21. — L’histoire arrivée en Angleterre à M. d’Eon de Beaumont[1] donne lieu de faire des recherches sur son compte, et voici ce qui en résulte. Il passe pour avoir été employé dans les négociations de la paix plutôt par intrigue que par véritable choix du ministère. Sa première mission en Russie a été celle d’un spadassin. Le grand-duc voulait un maître-d’armes : on choisit M. d’Éon, qui avait ce talent, dans la confiance qu’il ménagerait le retour d’un ministre de France à Saint-Pétersbourg. Ce qu’on avait prévu arriva ; il s’insinua dans l’esprit du grand-duc, fut de ses parties de plaisir ; il fit entrevoir que la France enverrait volontiers un ambassadeur… Il fut secrétaire d’ambassadeur, et enfin d’ambassade. On lui donna un brevet de capitaine de dragons. Dans cet intervalle, il publia quelques écrits sur le commerce, dont il se fit honneur. Ils pouvaient en faire à son auteur, mais il n’était que prête-nom, à ce qu’on prétend. On veut que ces écrits soient de son oncle et de M. Dupin, qui n’ont pas voulu réclamer.

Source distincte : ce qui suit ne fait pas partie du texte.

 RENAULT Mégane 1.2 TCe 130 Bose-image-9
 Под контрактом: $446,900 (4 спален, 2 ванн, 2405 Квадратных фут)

Quoi qu’il en soit, il était comblé de grâces, avait deux mille écus de pension, le titre de ministre plénipotentiaire, et la croix de Saint-Louis, lorsqu’il a eu une rixe en Angleterre, chez le lord Halifax, contre un Français, M. de Vergy, à l’occasion de la paix dernière, que ce dernier prétendait honteuse, et qu’il a soutenue nécessaire. M. de Guerchy,

  1. Charles-Geneviève-Louise-Auguste-André-Timothée D’Éon de Beaumont, né à Tonnerre le 5 octobre 1738, mort à Londres le 21 mai 1810. Les aventures et les nombreux écrits de ce singulier personnage contribuèrent moins encore à sa célébrité que le voile mystérieux dont son véritable sexe fut si long-temps enveloppé. Comme tout devait être bizarre dans sa destinée, on a remarqué d’étranges contradictions sur les registres de la paroisse où il reçut le baptême ; on y lit : «  d’hier… a été baptisée par nous, » etc. — R.